*What you will do*
Output a character-exact copy of the data, images removed.

____ Listed entries

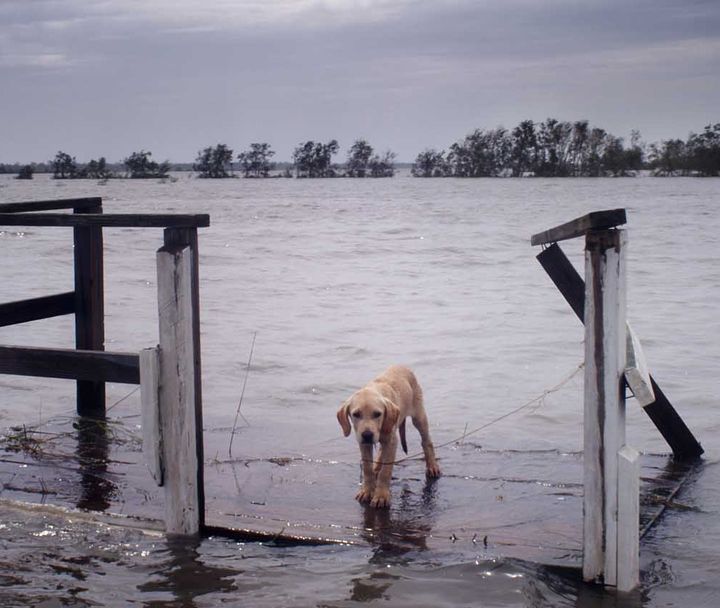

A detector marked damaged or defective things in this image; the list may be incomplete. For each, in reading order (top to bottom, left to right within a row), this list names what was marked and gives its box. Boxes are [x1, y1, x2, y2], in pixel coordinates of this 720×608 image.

damaged wooden structure [0, 198, 208, 532]
damaged wooden structure [528, 208, 704, 588]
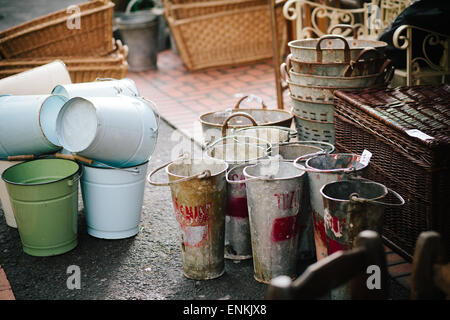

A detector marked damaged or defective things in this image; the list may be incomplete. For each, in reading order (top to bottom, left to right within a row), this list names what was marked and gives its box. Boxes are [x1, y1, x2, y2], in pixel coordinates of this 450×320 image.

rusty metal bucket [200, 95, 292, 145]
rusty metal bucket [149, 157, 229, 280]
rusty metal bucket [205, 135, 270, 260]
rusty metal bucket [241, 159, 308, 282]
rusty metal bucket [296, 154, 370, 262]
rusty metal bucket [320, 179, 404, 298]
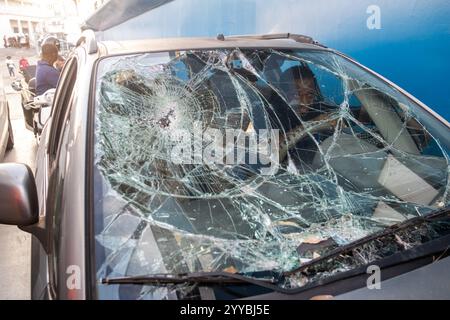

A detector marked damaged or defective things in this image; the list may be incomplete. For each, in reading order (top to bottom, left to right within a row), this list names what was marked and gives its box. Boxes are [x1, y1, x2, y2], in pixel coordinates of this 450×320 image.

shattered windshield [91, 47, 450, 300]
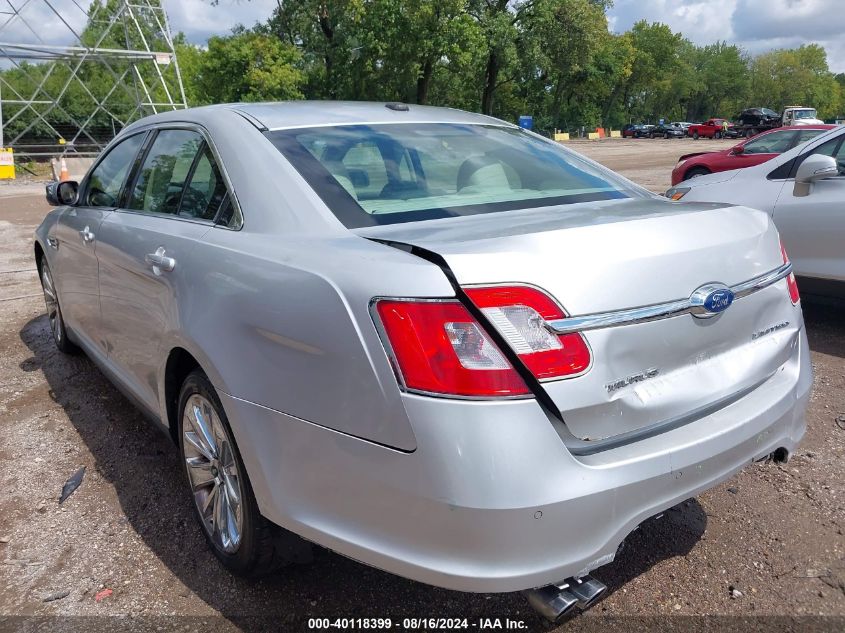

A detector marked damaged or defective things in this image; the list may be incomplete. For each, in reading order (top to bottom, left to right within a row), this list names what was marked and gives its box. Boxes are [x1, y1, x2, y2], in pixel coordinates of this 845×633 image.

rear bumper damage [221, 326, 808, 592]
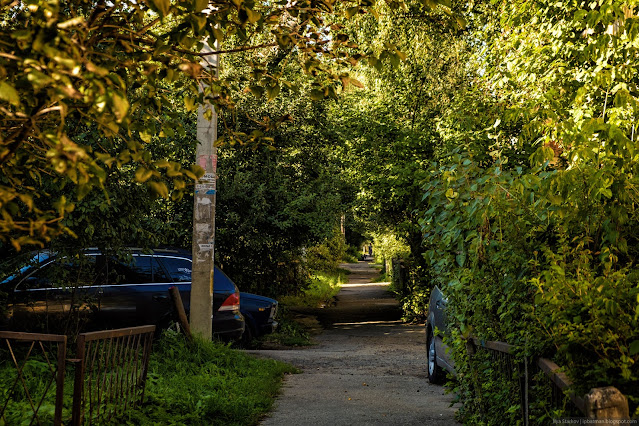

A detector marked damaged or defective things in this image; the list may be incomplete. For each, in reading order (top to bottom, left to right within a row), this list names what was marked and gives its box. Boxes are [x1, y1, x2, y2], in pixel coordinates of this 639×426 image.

________

*Response below*
A detector marked damaged or defective things in this image; the list may be incomplete. For each, in reading order (top to bottom, left to right within a row), this list names what was marked and gives its box. Boxes are [x1, y1, x2, y2], in pixel coordinates of this 720×608 image.

damaged wooden structure [0, 198, 208, 532]
damaged wooden structure [528, 208, 704, 588]

A detector marked damaged or defective things in this image; the list may be incomplete. For each, in reading order (top to bottom, left to right within a row), this list names what was marked and gives its box. Boxes are [x1, y1, x2, y2], in pixel coordinates of this 450×320 image.

rusty metal bucket [200, 95, 292, 145]
rusty metal bucket [149, 157, 229, 280]
rusty metal bucket [205, 135, 270, 260]
rusty metal bucket [241, 159, 308, 282]
rusty metal bucket [296, 154, 370, 262]
rusty metal bucket [320, 179, 404, 298]

A detector marked damaged or defective things in this image; the list may be incomplete. For each, in reading order (top to bottom, left to right within a row), this list names what was marked and gives its box. Boxes are [x1, y1, x2, y2], in pixel coordinates of this 450×320 image.

shattered windshield [91, 47, 450, 300]

A detector marked damaged or defective things in this image; the list may be incomplete. For each, in reading order (top to bottom, left to right within a row), this list names what was marked and gives its box. Boxes are [x1, y1, x2, y2], in pixel coordinates of this 845×633 image.

rear bumper damage [221, 326, 808, 592]

A detector marked damaged or defective things in this image; the list may be incomplete. For each, in reading order (top to bottom, left to right within a row), this list names what was marked and gives its box. Boxes are [x1, y1, x2, y2], in pixel coordinates of this 639×426 image.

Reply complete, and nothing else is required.